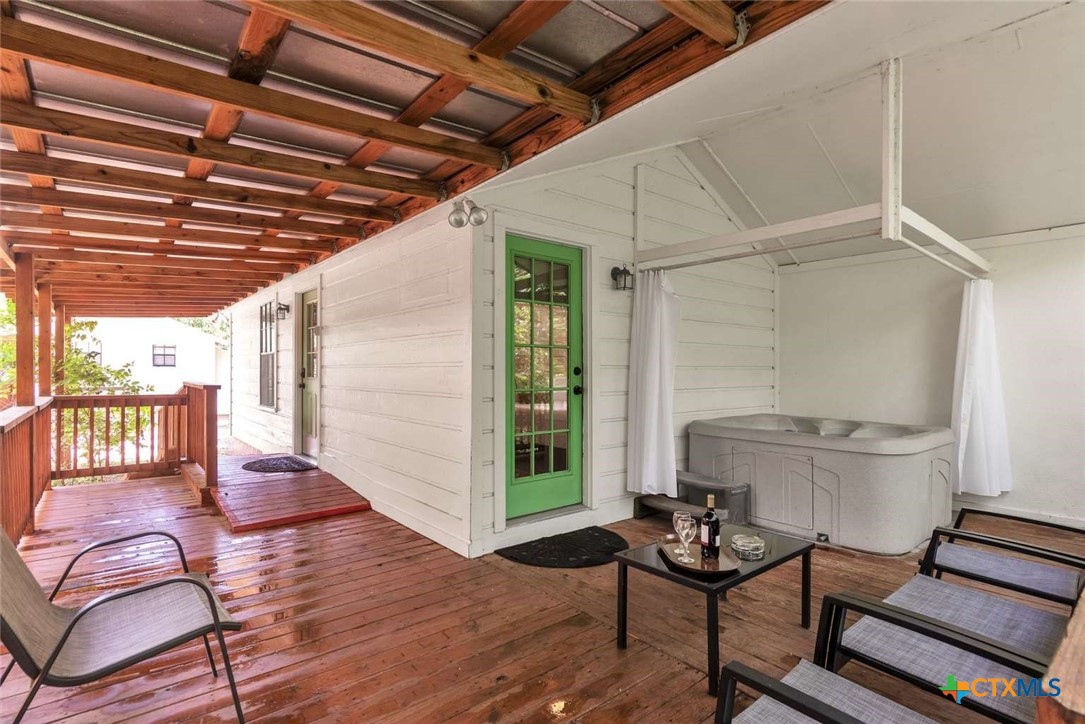 107-109 Scudder Lane Property Photo 27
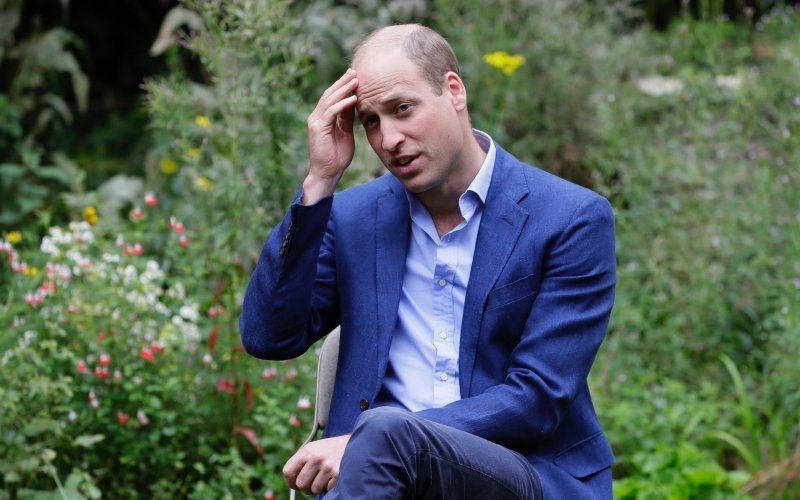 Prins William met het schaamrood op de wangen: “Ik vind dit echt gênant”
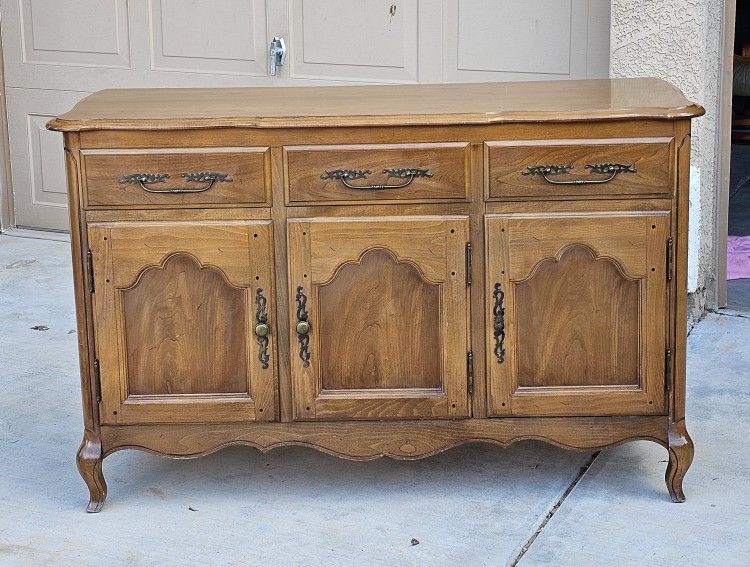 Vintage Buffet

**TASK GOAL**
Omit the images; transcribe the listing verbatim.

**SOLUTION FOR THIS EXERCISE**
 107-109 Scudder Lane Property Photo 27
 Prins William met het schaamrood op de wangen: “Ik vind dit echt gênant”
 Vintage Buffet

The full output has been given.